Pictures with short captions:

——————

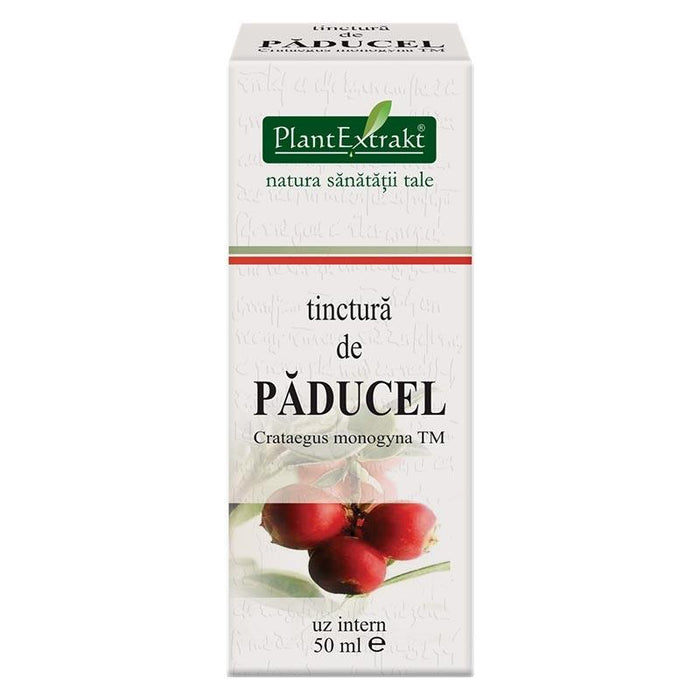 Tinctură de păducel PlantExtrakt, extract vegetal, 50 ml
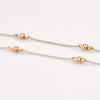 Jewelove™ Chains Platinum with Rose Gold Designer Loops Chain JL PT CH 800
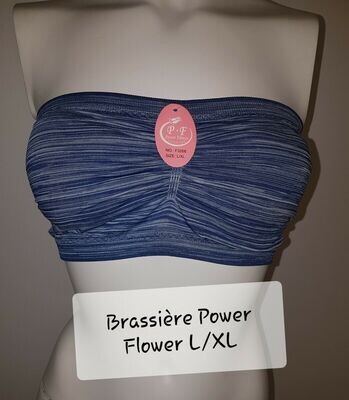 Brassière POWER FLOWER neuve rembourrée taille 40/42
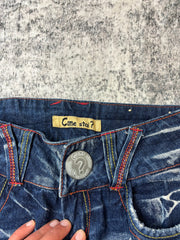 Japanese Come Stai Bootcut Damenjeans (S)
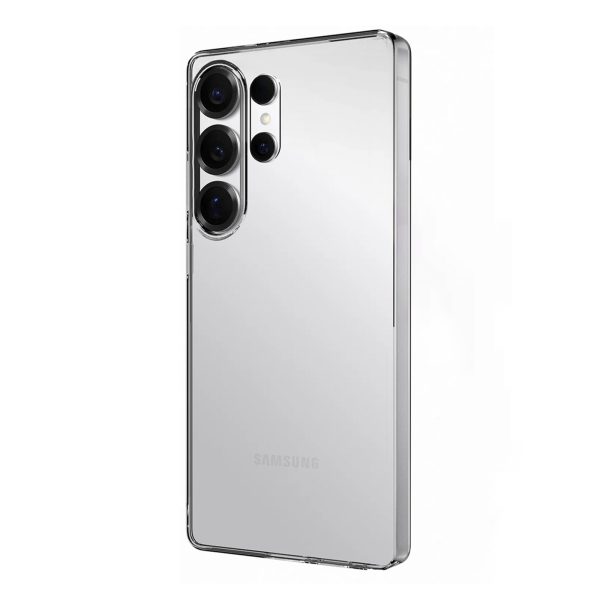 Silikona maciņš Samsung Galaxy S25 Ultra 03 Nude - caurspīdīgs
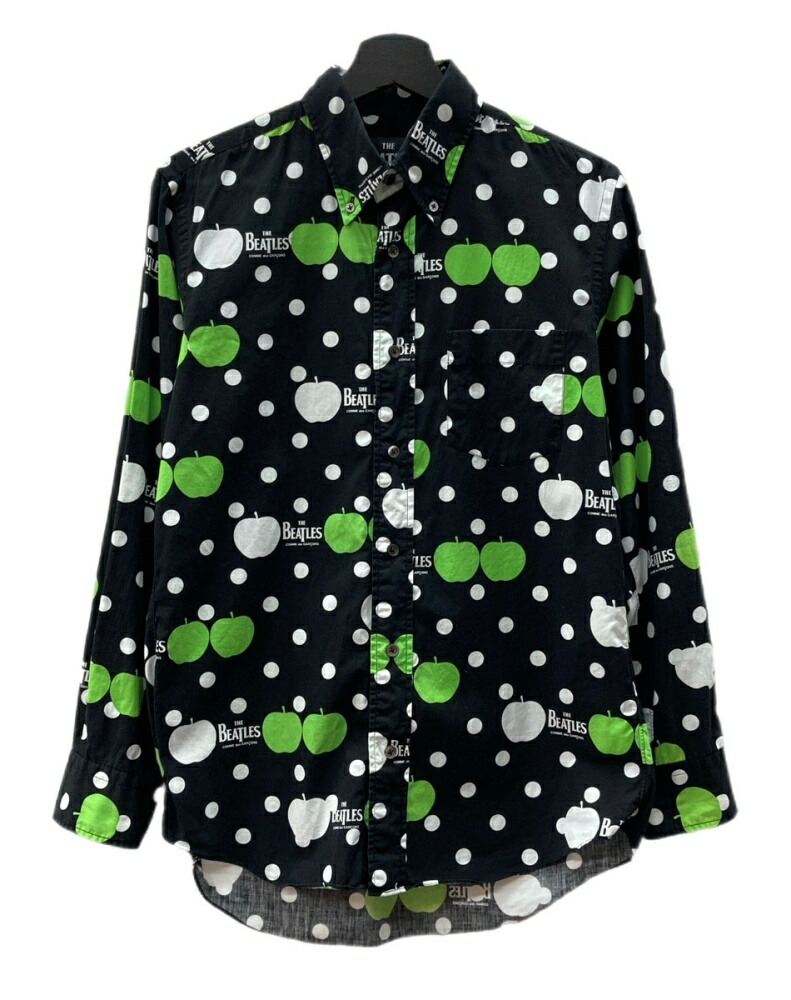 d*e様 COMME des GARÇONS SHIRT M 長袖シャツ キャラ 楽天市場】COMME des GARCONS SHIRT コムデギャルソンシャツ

——————

**Task directions:** Should the entries hold any pictures, please omit those and print the remaining text exactly.

**Solution to this exercise:**
 Tinctură de păducel PlantExtrakt, extract vegetal, 50 ml
 Jewelove™ Chains Platinum with Rose Gold Designer Loops Chain JL PT CH 800
 Brassière POWER FLOWER neuve rembourrée taille 40/42
 Japanese Come Stai Bootcut Damenjeans (S)
 Silikona maciņš Samsung Galaxy S25 Ultra 03 Nude - caurspīdīgs
 d*e様 COMME des GARÇONS SHIRT M 長袖シャツ キャラ 楽天市場】COMME des GARCONS SHIRT コムデギャルソンシャツ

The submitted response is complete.